火災のときはなぜ下方向に逃げたほうがいいの!?

煙は上にいきます。だから、床付近には新鮮な空気が残っているわけです。
それに、上に避難してもはしご車が来るまでどうしようもないという単純な話もあります
煙の上昇速度は、人の動きに比べて極めて速く逃げ切れない(煙突効果)ので下へ逃げましょう。
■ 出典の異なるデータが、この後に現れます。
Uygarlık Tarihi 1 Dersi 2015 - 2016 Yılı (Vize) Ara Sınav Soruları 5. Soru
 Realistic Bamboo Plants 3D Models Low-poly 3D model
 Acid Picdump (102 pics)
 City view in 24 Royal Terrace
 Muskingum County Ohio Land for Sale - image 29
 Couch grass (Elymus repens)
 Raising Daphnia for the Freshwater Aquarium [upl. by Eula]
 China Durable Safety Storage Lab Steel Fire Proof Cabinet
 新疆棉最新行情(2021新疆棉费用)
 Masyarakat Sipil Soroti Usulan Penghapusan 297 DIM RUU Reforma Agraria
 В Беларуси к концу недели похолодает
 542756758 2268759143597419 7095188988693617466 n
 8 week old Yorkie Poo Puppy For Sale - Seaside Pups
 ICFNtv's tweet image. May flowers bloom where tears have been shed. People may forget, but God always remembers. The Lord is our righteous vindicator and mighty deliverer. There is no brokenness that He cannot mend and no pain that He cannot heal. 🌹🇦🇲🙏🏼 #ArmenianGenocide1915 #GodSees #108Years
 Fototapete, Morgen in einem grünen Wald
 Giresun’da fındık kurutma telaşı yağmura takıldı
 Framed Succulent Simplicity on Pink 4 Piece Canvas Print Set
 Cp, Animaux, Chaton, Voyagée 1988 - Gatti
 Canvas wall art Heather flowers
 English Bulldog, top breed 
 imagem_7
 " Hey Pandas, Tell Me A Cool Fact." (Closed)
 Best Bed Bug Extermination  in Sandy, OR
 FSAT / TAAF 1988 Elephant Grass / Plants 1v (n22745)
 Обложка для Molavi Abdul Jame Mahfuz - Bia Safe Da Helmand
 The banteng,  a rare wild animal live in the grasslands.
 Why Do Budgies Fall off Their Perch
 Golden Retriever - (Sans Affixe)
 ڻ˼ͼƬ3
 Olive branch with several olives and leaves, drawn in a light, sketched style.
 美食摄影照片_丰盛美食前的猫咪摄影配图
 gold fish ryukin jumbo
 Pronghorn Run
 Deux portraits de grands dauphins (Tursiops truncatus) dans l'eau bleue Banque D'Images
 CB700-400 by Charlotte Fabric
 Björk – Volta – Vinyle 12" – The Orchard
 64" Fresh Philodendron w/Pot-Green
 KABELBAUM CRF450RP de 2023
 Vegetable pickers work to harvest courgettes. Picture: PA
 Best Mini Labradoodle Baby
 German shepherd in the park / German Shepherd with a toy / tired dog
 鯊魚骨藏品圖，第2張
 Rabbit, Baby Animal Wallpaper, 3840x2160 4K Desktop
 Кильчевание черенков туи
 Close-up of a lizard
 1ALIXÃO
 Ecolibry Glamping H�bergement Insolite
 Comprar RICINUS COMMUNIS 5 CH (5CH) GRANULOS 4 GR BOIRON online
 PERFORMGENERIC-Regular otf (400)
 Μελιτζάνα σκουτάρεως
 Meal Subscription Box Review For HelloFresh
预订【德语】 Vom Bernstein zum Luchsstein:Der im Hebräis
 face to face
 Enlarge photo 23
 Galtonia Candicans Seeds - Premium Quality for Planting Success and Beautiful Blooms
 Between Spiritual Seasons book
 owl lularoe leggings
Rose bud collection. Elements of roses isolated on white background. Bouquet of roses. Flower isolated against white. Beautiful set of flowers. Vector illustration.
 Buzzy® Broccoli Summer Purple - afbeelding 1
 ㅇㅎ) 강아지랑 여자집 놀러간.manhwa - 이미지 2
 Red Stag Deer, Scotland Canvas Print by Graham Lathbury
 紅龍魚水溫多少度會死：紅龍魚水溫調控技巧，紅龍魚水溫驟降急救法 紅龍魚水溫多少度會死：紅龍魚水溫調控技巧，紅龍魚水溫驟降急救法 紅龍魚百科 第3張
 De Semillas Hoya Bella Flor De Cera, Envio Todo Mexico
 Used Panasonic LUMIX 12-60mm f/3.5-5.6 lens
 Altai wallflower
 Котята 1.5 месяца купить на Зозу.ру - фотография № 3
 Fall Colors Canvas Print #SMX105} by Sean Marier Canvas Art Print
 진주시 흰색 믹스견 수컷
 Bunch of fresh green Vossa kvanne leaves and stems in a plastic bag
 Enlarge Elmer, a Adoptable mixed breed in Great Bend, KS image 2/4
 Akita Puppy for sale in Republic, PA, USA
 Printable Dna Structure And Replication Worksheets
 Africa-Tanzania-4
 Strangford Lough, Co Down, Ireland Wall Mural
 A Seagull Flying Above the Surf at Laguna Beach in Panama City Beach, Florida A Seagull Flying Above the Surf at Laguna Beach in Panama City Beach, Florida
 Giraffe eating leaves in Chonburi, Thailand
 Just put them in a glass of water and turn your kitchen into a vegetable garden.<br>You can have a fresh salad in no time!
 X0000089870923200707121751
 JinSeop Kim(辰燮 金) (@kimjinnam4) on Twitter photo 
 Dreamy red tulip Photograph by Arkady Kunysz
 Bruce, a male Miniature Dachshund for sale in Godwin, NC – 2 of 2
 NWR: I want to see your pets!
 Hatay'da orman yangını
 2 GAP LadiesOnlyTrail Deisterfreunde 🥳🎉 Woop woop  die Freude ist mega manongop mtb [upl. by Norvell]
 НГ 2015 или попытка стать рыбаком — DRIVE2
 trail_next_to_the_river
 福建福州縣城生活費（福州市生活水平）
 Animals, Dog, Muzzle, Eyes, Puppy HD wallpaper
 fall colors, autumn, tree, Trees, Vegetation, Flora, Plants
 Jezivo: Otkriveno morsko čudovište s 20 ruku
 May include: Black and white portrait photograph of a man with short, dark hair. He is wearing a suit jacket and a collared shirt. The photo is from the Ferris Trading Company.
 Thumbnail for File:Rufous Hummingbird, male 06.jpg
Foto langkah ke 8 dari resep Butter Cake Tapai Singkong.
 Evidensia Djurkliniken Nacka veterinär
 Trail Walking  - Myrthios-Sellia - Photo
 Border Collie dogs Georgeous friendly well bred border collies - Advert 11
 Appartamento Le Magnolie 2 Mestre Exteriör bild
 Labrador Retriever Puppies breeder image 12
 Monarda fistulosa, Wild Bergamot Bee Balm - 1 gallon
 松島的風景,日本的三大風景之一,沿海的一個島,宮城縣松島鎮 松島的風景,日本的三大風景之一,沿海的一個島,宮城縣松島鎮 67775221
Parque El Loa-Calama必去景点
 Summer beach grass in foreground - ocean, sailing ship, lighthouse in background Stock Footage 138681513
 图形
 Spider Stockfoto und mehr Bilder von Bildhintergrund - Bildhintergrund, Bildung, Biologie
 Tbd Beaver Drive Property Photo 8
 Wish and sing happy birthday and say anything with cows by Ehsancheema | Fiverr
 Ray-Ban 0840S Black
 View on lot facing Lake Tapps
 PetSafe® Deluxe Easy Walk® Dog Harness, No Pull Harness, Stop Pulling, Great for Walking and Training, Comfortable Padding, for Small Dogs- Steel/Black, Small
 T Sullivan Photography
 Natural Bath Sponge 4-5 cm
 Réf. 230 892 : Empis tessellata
煙突効果とは、煙突の中に外気より高温の空気があるときに、高温の空気は低温の空気より密度が低いため煙突内の空気に浮力が生じる結果、煙突下部の空気取り入れ口から外部の冷たい空気を煙突に引き入れながら暖かい空気が上昇する現象をいう。建築物で上下方向に空気が流れられる空間がありその下部に空気を供給できる構造であれば、その建築物部分は煙突と同じ構造となり、同じ機能を有する事になる。このため、この部分で火災が発生すると煙突効果でそれが煙突化して燃焼が促進さる。しかも、煙は人間の駆ける速度より早く進むため人間が逃げ切れず大災害になる事がある。

乾燥してる時期は要注意!!

日本では毎年約5万件前後の火災が発生しています。
月別に見ると、2月・3月に多いといえます。この時期は特に注意したいところですね。
やはり、乾燥した気象条件の時に火災が発生しやすいからです。
毎年この時期に「春の全国火災予防運動」が実施されているのもそのためですね。

とにかく、火災には気をつけましょう。

「エアーウィーブ9万円もしたのにぃぃぃぃ!!!」なんて悲鳴をあげてる場合ではありません(笑)。